O’ Magic Power of Bleakness | Mark Leckey at Tate Britain

Tate Britain’s galleries are transformed by Mark Leckey with a life-size replica of a motorway bridge on the M53 on the Wirral, Merseyside.

Fiorucci Made Me Hardcore 1999 (still)

People are sitting down with their backs against the underpass. The backdrop for O’ Magic Power of Bleakness, Mark Leckey’s new installation at the Tate Britain, featuring old and new work, is a motorway bridge underneath the M53.

The space is defined by the warring impulses of presence, absence, and the presence of absence; there are spectators, watching the two films (Fiorucci Made me Hardcore 1999 and Dream English Kid 1964-1999 AD 2015), and the stunning interplay of video, sound, and light that precedes them: Under, Under In.

The space is defined by the warring impulses of presence, absence, and the presence of absence

Under, Under In begins with projections on the wall behind the underpass. A group of young boys talking about Dead Space 3, and Half-Life 2. The installation loops every hour, on the hour. These projections of young men are ghosts in an almost classical sense, forever repeating the same words and motions whenever they’re conjured.

There are fragments of disembodied dialogue throughout this piece, phrases like “come with me,” and “you’re away with the fairies, Mark,” comments that hint at the idea of something beyond the real and the physical. As the title of the installation suggests, there’s a darkness running through Under, Under In, and the films that are shown after it, but it never feels bleak. There are moments, tricks of light, that are legitimately breath-taking; as the room fades into darkness, one ray of light shines from a corner of the room, and towards the underpass.

There’s a darkness running through Under, Under In, and the films that are shown after it, but it never feels bleak

It hints at something, not just a haunted darkness, but a very specific optimism; the kind that comes from the perfect escape at the perfect moment, when you hear the right song at just the right time, and it somehow takes you away from everything that surrounds you.

Escapism, the need for it, and its failure to really facilitate any kind of escape, exists in all of the work shown in O’ Magic, with disappearance and escape taking on the dimension of horror and haunting in Under, Under In, while the two films piece together the escapist fantasies of nightclubs, intercut with realities and anxieties that not even the perfect song can keep away.

In one striking, frightening sequence, there are scenes of people dancing in a nightclub, but the music and movements are disconnected; in spite of what’s shown, what’s heard feels dangerous, like the build-up to a kill in a horror film. That’s because these scenes, and all of the escape that they promise, are shown in contrast to nuclear war games, a computer screen showing missiles travelling to South Korea.

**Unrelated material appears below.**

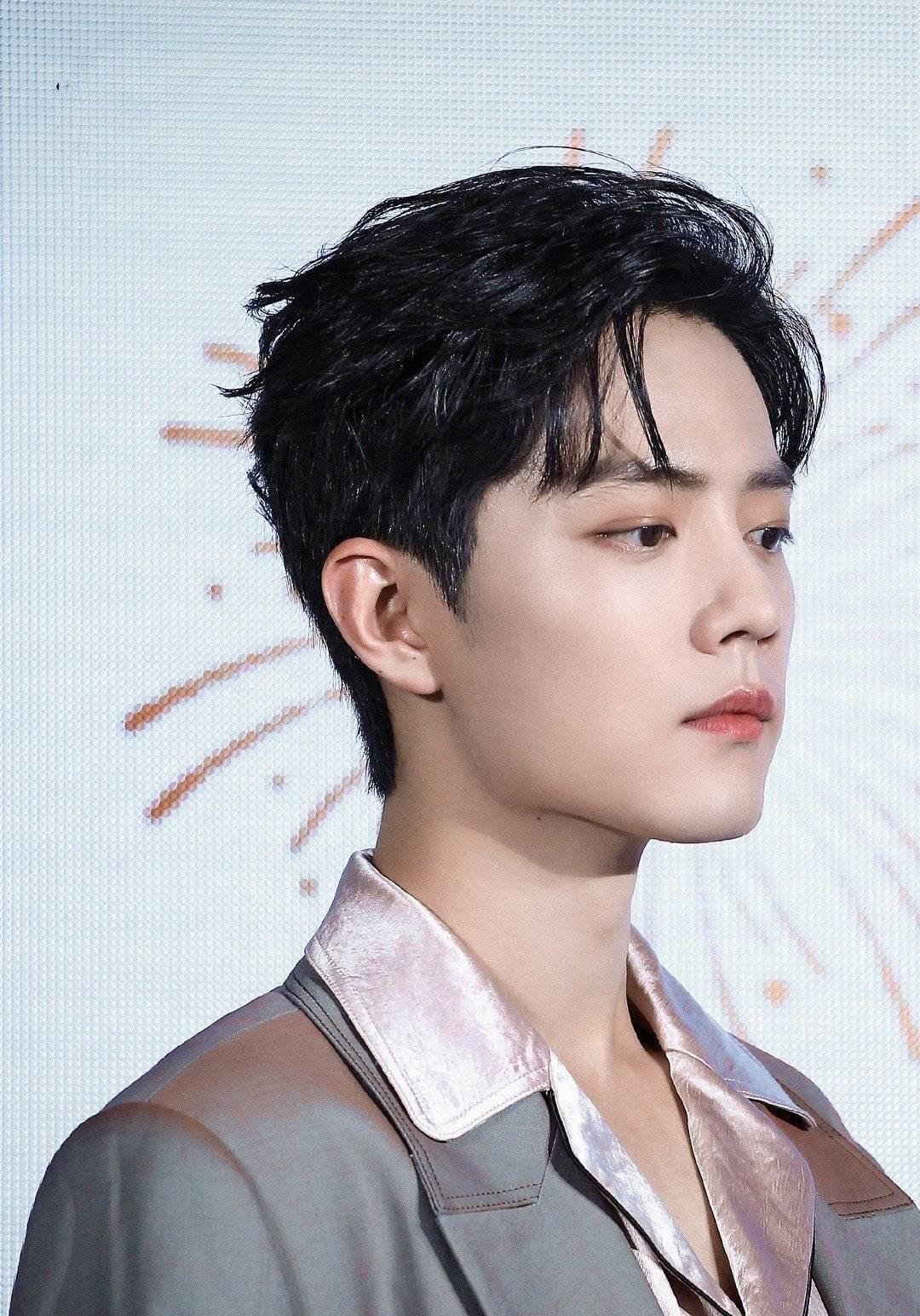 肖战|一顿饭“干”出6个热搜？肖战在线辟谣恋情！网友：不愧是真顶流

Then everything turns red. The moon, the sky, everything the light touches. Images become uncertain and difficult to decode; something that may or may not be a mushroom cloud slowly comes into form. Fiorucci and Dream English Kid have apocalyptic concerns, with both a lower and upper-case “a.”

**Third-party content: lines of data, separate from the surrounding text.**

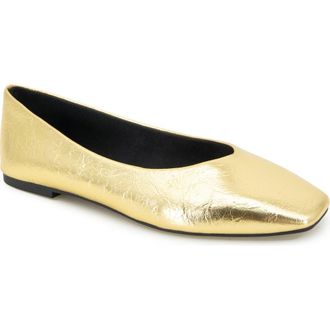 Kenneth Cole Johanna Square Toe Flat in Gold at Nordstrom Rack, Size 6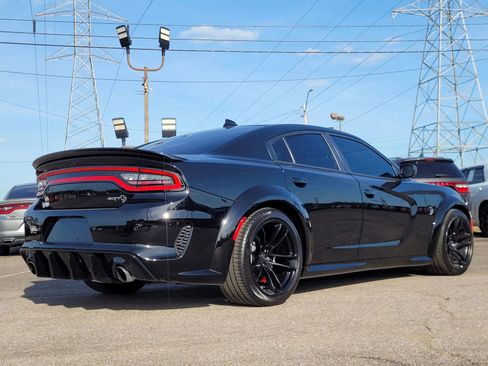 Used 2022 Dodge Charger SRT Hellcat image 16
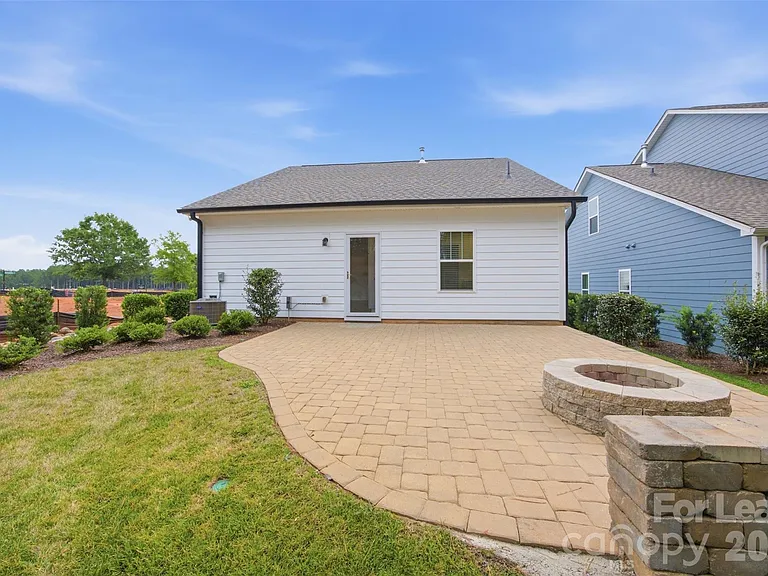 21216 Sanctuary Dr — Photo 25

Then everything turns red. The moon, the sky, everything the light touches.

While the big picture anxiety of nuclear war is dramatised, the things that people hope to escape, in nightclubs, in TV, or in an underpass, area brought to life. Walls covered in graffiti, dilapidated estates, places that have been left behind; a world that isn’t everything one might have hoped. And if that happens, then escape becomes the only option.

While at first the new installation and old films might seem disconnected from each other, the more of the films that gets seen, the clearer it becomes that they exist in a dialogue. Both use technology; Under, Under In has scenes filmed on snapchat, but the films shown afterwards have, understandably, older technology. The tech on display in these films is outdated; the covers of pornographic films are shown, a kind of escape that went extinct as soon as people realised they could upload videos to the internet.

The music and culture in both Fiorucci and Dream England Kid feels lost, too organic for an era defined by how it relates to the digital. But all of Leckey’s work here, both new and old, is about the thing that come out at night: hopes for the future and dreams of escape, as well as terrifying anxieties, and the ghosts of the people, places, and things, that are never really left behind.